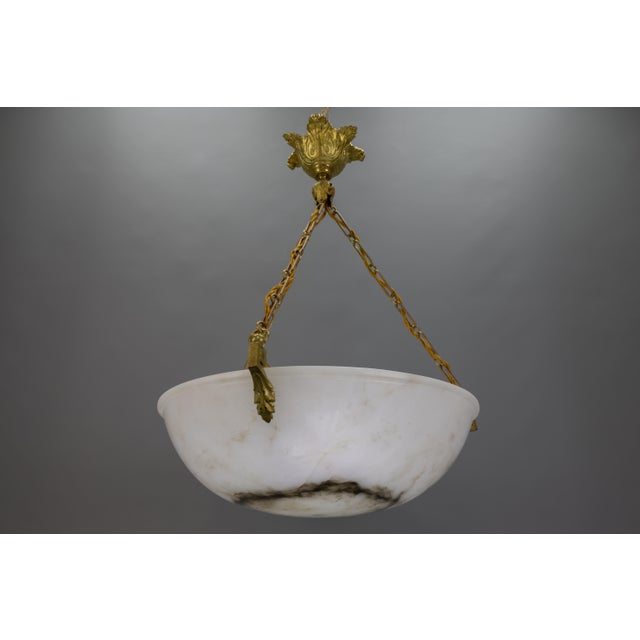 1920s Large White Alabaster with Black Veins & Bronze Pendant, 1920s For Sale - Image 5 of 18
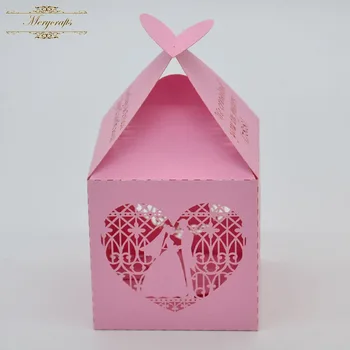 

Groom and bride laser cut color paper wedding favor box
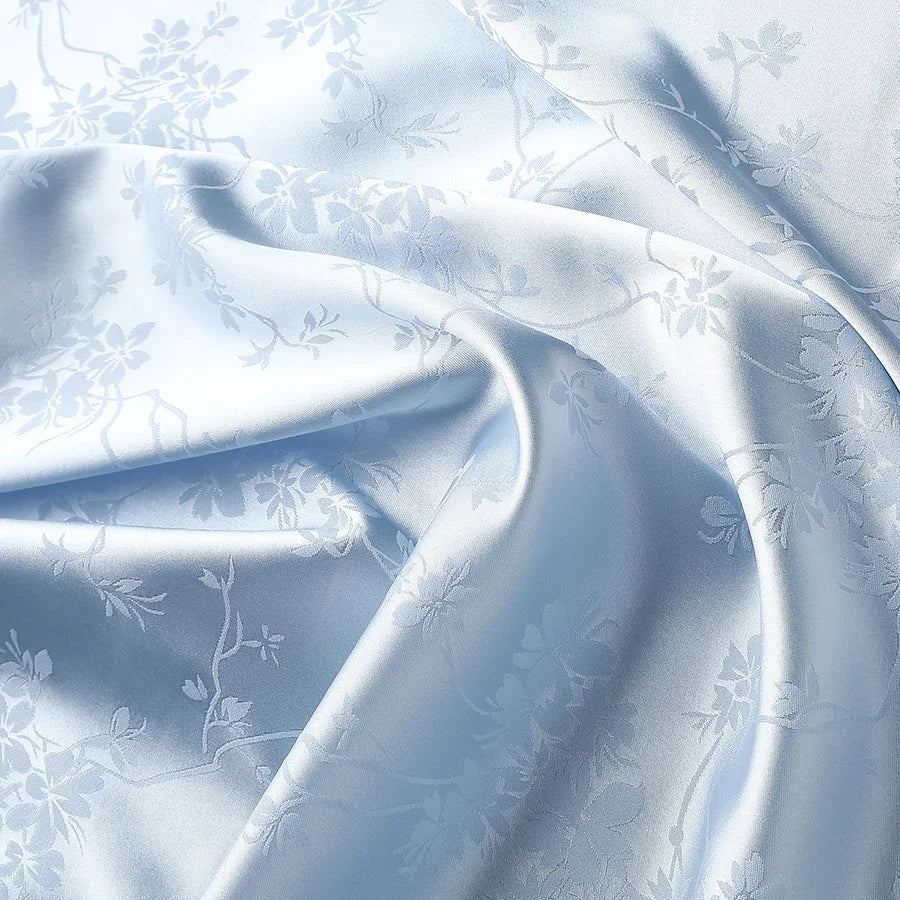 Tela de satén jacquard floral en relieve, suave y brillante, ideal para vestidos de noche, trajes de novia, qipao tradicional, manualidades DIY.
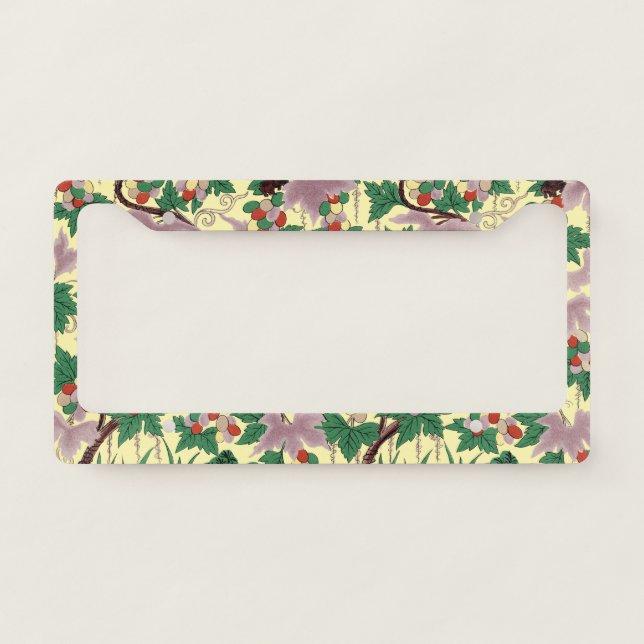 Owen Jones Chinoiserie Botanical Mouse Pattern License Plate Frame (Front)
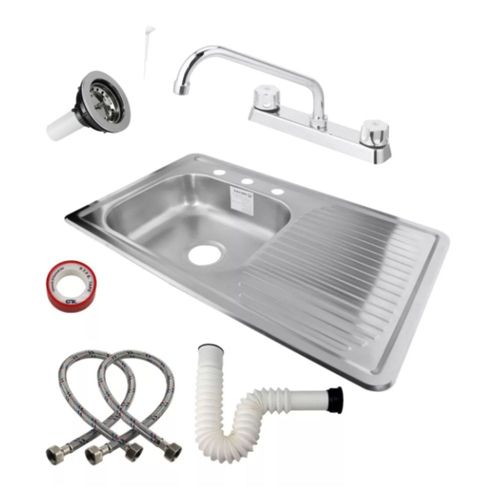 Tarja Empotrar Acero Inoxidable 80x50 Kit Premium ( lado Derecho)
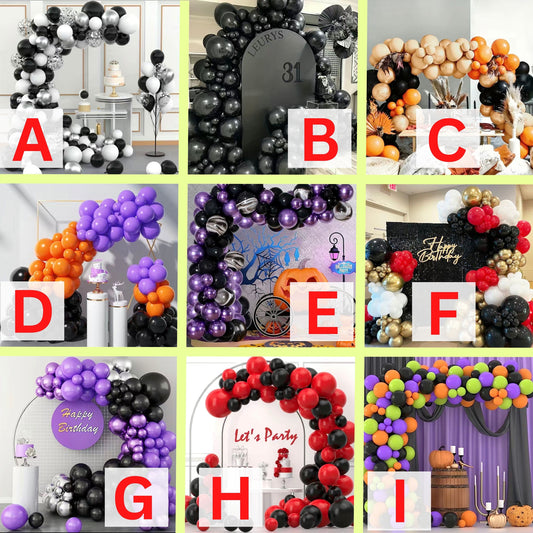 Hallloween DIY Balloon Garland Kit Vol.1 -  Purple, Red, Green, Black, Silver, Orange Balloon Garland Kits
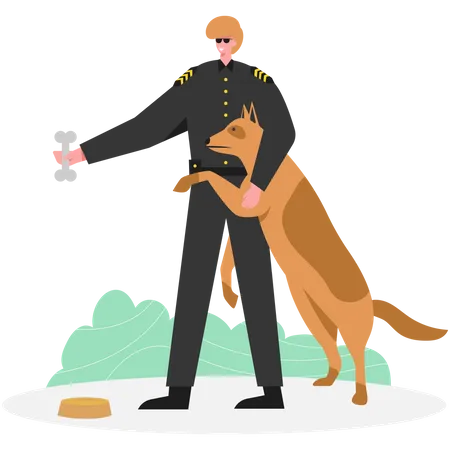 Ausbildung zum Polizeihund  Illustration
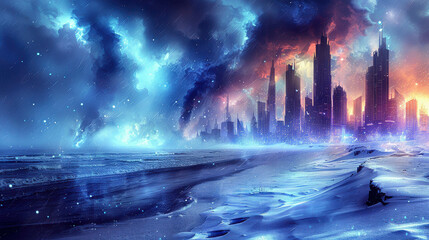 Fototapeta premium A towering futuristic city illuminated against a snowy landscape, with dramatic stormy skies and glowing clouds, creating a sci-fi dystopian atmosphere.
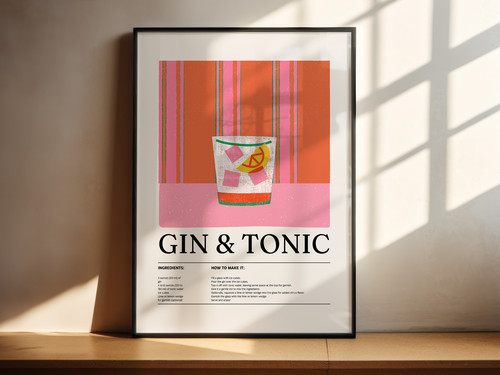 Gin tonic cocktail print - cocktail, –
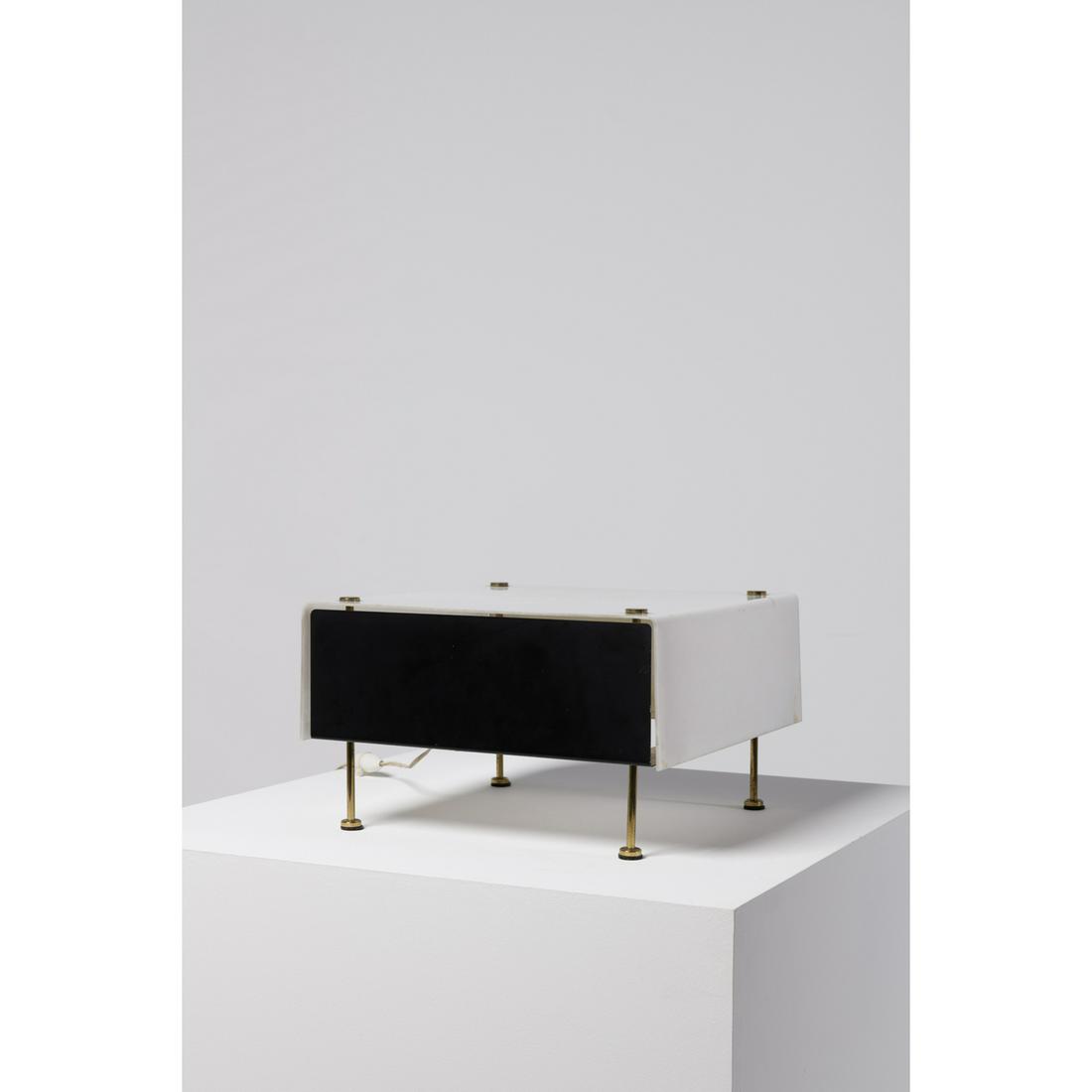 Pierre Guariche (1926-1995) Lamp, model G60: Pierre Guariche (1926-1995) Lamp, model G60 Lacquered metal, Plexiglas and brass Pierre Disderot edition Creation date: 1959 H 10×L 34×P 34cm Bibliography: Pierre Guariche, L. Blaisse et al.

[Required action]: Without including the pictures, copy all of the data exactly.

[Your solution]:
 1920s Large White Alabaster with Black Veins & Bronze Pendant, 1920s For Sale - Image 5 of 18

Groom and bride laser cut color paper wedding favor box
 Tela de satén jacquard floral en relieve, suave y brillante, ideal para vestidos de noche, trajes de novia, qipao tradicional, manualidades DIY.
 Owen Jones Chinoiserie Botanical Mouse Pattern License Plate Frame (Front)
 Tarja Empotrar Acero Inoxidable 80x50 Kit Premium ( lado Derecho)
 Hallloween DIY Balloon Garland Kit Vol.1 -  Purple, Red, Green, Black, Silver, Orange Balloon Garland Kits
 Ausbildung zum Polizeihund  Illustration
 Fototapeta premium A towering futuristic city illuminated against a snowy landscape, with dramatic stormy skies and glowing clouds, creating a sci-fi dystopian atmosphere.
 Gin tonic cocktail print - cocktail, –
 Pierre Guariche (1926-1995) Lamp, model G60: Pierre Guariche (1926-1995) Lamp, model G60 Lacquered metal, Plexiglas and brass Pierre Disderot edition Creation date: 1959 H 10×L 34×P 34cm Bibliography: Pierre Guariche, L. Blaisse et al.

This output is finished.